Easter Sunday — Resurrection of the Lord

Resurrection: A Lectionary Journey by Michelle L Hofer – acrylic on paper, 8 x 10 inches, 2022

April 17, 2022 Lectionary Texts — Year C
Isaiah 65:17-25
Psalm 118:1-2, 14-24
I Corinthians 15:19-26 or Acts 10:34-43
John 20:1-18 or Luke 24:1-12

View Lectionary

It feels a bit special to me to be posting my first Visio Divina celebrating Easter. As I have been sitting with the texts for today and thinking about this whole Visio Divina adventure/commitment, I find myself thinking many wide ranging thoughts about seeing, vision and the sense of sight.

John gives us the tender account of Mary Magdalene’s experience at the tomb. In her grief and distress, she doesn’t recognize Jesus until he calls her by name. At that moment, she sees.

Our eyes, the sense of sight, are such extraordinary gifts. John O’Donahue writes with such beauty and wisdom in Anam Cara about vision. I wanted to share a few of his insights on the connection between seeing and love. These are thoughts I find appropriate for Easter — a day when the Light of the World opens to us new ways of seeing.

To the loving eye, everything is real.
Love is the light in which we see light. Love is the light in which we see each thing in this true origin, nature, and destiny. If we could look at the world in a loving way, then the world would rise up before us full of invitation, possibility, and depth.
The loving eye can even coax pain, hurt, and violence toward transfiguration and renewal…It rises above the pathetic arithmetic of blame and judgment and engages experience at the level of its origin, structure and destiny. The loving eye sees through and beyond image and effects the deepest change.
Vision is central to your presence and creativity. To recognize how you see things can bring you self-knowledge and enable you to glimpse the wonderful treasures your life secretly holds.
— John O’Donohue

Practicing Visio Divina:

  1. View the artwork
    What do you see?

    Note shapes – color – style – movement
    What stands out for you?
    What are you curious about?
    What questions do you have?
    Hold back any feelings – judgments – opinions
  2. Read the accompanying scripture and look over the artwork again
    What connections do you make?

    Between the image and text?
    What is coming to mind from your own experience?
    What feelings are rising in you?
    Are you uncomfortable with something?
    There are no right or wrong answers
  3. Read the scripture again and explore the artwork a third time
    What do you hear?

    What is God saying to you?
    What do you wish to speak to God?
    What blessing or prayer is rising in you?

Eternal One: Now look here!

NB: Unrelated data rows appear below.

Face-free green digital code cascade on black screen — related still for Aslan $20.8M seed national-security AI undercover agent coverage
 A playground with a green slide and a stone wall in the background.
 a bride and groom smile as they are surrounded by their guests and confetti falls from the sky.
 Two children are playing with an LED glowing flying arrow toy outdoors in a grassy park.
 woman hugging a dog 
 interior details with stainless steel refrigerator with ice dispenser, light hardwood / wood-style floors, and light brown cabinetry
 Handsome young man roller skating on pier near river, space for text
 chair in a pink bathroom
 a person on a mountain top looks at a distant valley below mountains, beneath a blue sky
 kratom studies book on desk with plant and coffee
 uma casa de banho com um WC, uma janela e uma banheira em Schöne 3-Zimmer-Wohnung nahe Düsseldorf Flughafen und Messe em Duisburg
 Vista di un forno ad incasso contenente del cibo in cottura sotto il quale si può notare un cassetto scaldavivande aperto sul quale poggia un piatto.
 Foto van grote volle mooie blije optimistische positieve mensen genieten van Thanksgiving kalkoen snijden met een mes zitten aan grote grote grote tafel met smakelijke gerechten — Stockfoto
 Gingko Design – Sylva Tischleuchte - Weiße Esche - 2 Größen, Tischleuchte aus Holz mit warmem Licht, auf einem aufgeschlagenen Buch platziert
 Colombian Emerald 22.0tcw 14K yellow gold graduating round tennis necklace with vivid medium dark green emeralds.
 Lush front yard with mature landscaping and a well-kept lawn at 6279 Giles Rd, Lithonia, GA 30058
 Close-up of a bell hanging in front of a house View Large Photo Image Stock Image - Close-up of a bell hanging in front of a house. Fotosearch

I am creating new heavens and a new earth. The weary and painful past will be as if it never happened. No one will talk or even think about it anymore. So take joy and celebrate with unending gladness on account of what I am creating. Look carefully! I am making this place I’ve chosen, this Jerusalem, a city of joy. I’m making her citizens, My people, a people of gladness. This Jerusalem, My pride and joy, and her people will be a delight to Me. Though you listen at every corner, You will never hear crying, never hear despair or grief. — Isaiah 65:17-19

Artist Statement — Resurrection: A Lectionary Journey:
I do not remember which came to me first — an early morning vision of a great dark moth adorned in shimmery dots or my learning the moth was a symbol of resurrection among early Celtic Christians. Regardless, I let the curiosity of exploring moth as symbol guide my artistic and spiritual seeking in this Lenten season.
The moth, just as butterfly, undergoes a death and resurrection. Unlike the sun-seeking butterfly, the moth emerges in the light of moon. As a metaphor for Christ, a man of sorrows, acquainted with grief,* the moth’s association with night allows space for exploring discomfort, suffering and death. In contemplating this creature of night, there is invitation to converse with darkness and befriend mystery. And still the moth’s metamorphosis is reason to marvel.
A collection of design elements and motifs rising from ancient Egyptian inspiration bring the Triune God to life. While Christ appears as moth, Spirit is present in a golden halo form and Divine Parent through the creation elements of bud, blossom and palm. Without this Divine fullness of presence and action, resurrection is only a dream. But this is no fantasy. This is the fullness of Divine hope in the darkness. Here is the fullness of Divine hope amidst all my discomfort and sorrow.
Here too is the portrait of a creature undeterred by the fading light, the fading of laughter and smiles… the One accustomed to doubt’s cold kiss and betrayal’s nocturnal whispers… the One who speaks my name even when I am weeping at dawn in the garden… the One I have found.